Sonntag, 16. Mai 2010

Na da schau her: ein Christ!

Bekanntlich ist (oder war) Kirchentag in München. Spätestens erfährt man es, wenn irgendeiner daherraunt, dass ihm die 'Scheißchristen' allmählich auf den Sack gehen. Zum Teil sind es typische Münchner, die auch 'Scheißwiesn', 'Scheißfußball', 'Scheißtouristen' oder 'Scheißmenschen' daherraunen. Der Rest setzt sich aus Gemütern zusammen, die tatsächlich ein Problem mit 'Christen' haben und alles daran tun, der Welt, die es nicht interessiert, mitzuteilen. Trotz dessen, dass sich in Deutschland nahezu alle fünf Meter eine Kirche breitmacht, behandelt manch kosmopolitischer, weltoffener, blablabla Großstädter die Kirchentagsbesucher als Aliens resp. Untermenschen. Was man alles an normalen, Nichtkirchentagstagen an kultureller Aufgeschlossenheit und in Szene gesetzter Toleranz ertragen muss. Kommt aber ein Christ um die Ecke, wird der Judenstern ausgepackt.

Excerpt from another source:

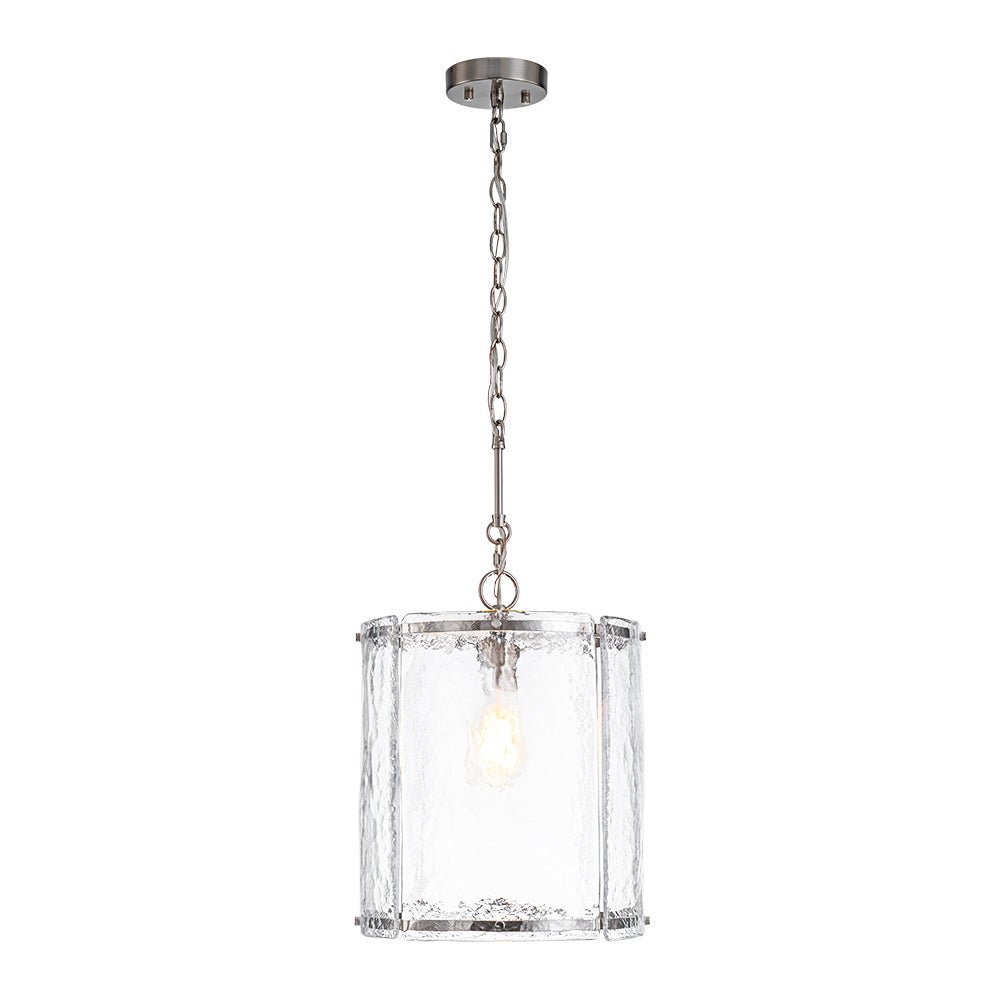 Modern Water Pattern Glass Cylinder Pendant Light, Dimmable, Gold or Nickel Finish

Beispielsweise die SZ-Online-Truse, die immer die etwas sinnbefreiten Foto-Klick-Strecken bebildern und -texten darf. Thema: Ethnologische Annäherung an das Völkchen 'Christen' mit ihren eigenartigen Bräuchen, ergo: "Party, mal ganz anders.." Extrem schockierend: Die brüllen nicht, trinken keinen Alkohol und schon um 23 Uhr geht's nach Hause. Scheiße, sind die langweilig. Gut, dass die Frau ansonsten am Wochenende am Styler-Zentrum Gärtnerplatz rumhängen darf, wo das alles garantiert nicht vorkommt.

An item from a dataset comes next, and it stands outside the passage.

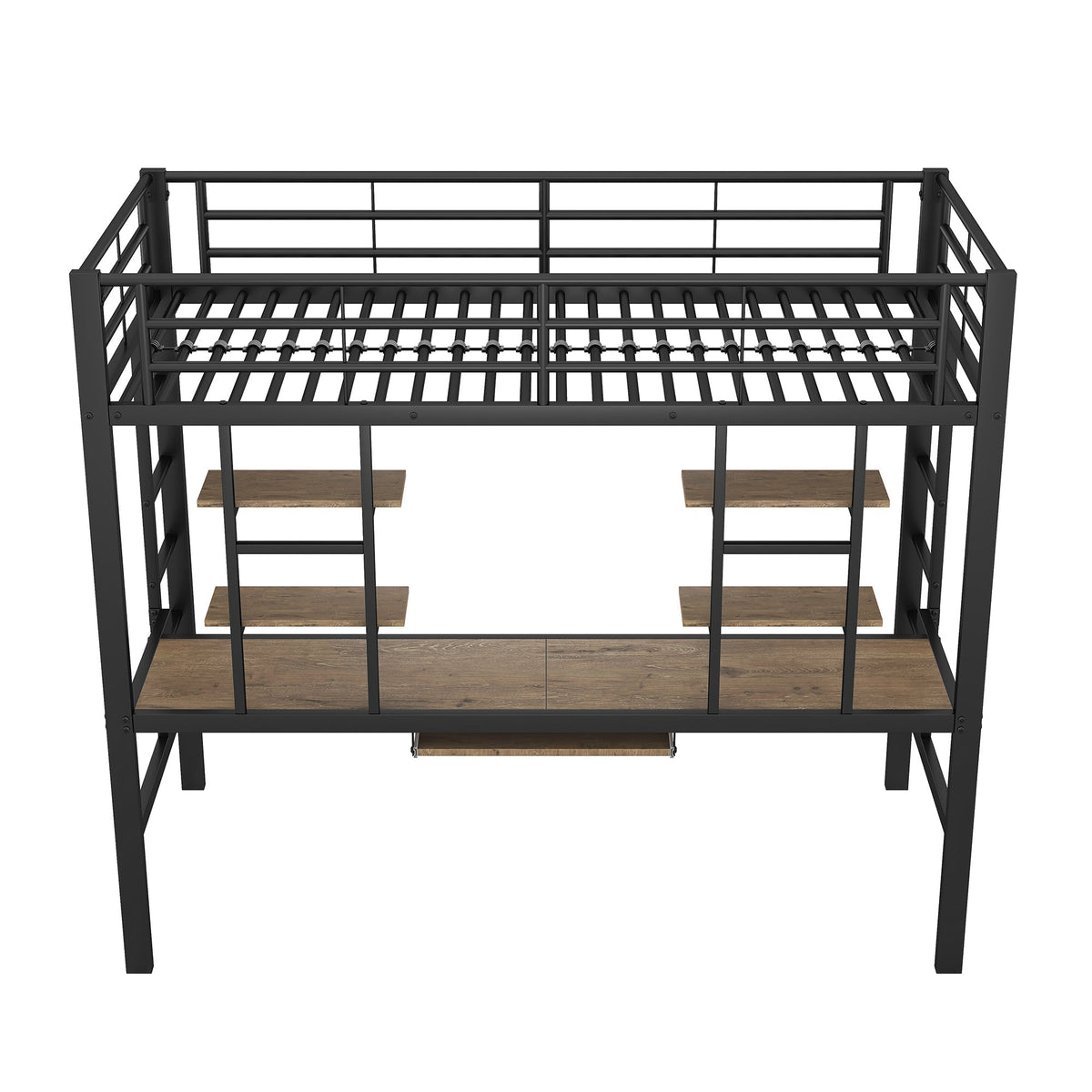 Loft Bed 90x200cm with Desk and 2 Bookshelves - Black Metal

(Was eigentlich gerade Alkoholabstinenz mit dem Christentum zu tun haben soll, verstehe ich allerdings auch nicht. Die meisten Kirchentagsbesucher, erkenntlich an den orangenen Schals und/oder garantiert reizfreien, aber total praktischen Kapuzenanoraks, offensichtlich ebenso nicht, was vielen Kneipenbesitzern gefreut haben dürfte. Außerdem waren auf dem Gelände auf der Theresienwiese nicht nur Alkohol, sondern auch Fahrräder und Glasflaschen verboten. Rauszufinden, auf welcher Bibelstelle das fußt, wäre doch mal nen schickes Doktorarbeitsthema.)

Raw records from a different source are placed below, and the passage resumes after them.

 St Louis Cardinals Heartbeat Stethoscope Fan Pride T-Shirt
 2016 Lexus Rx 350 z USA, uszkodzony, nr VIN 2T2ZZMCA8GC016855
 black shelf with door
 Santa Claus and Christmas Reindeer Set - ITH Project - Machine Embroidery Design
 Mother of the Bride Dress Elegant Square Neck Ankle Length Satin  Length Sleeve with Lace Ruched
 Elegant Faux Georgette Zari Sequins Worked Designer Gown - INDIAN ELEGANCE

Die 'Christen' fielen- zugegeben - tatsächlich auf. So viele Menschen auf einem Haufen, denen es durch die Bank scheißegal war, wie sie auf andere wirken. Bizarr gekleidete, irritierend gestylte Leute sind gerade in München keine Seltenheit. Aber im Gegensatz zu den weltoffenen, extremalternativen Toleranz-Ego-Wichteln steckt hinter dem gewöhnungsbedürftigen Outfit keine Überlegung und keine Minute Aufbrezel-Arbeit. Banale Individualität auf höchstem Niveau.

Conclusio: Lieber lasse ich mir zum x-ten mal irgendwas aus der Bergpredigt vorpredigen als mir zum x-ten mal irgendeine wahnsinnig genial, total tiefgehende, höchst philosophische, super feinsinnige Liedstrophe einer natürlich extrem independenten Indie-Band anzutun. Und vielleicht kaufe ich mir auch einen solchen Anorak!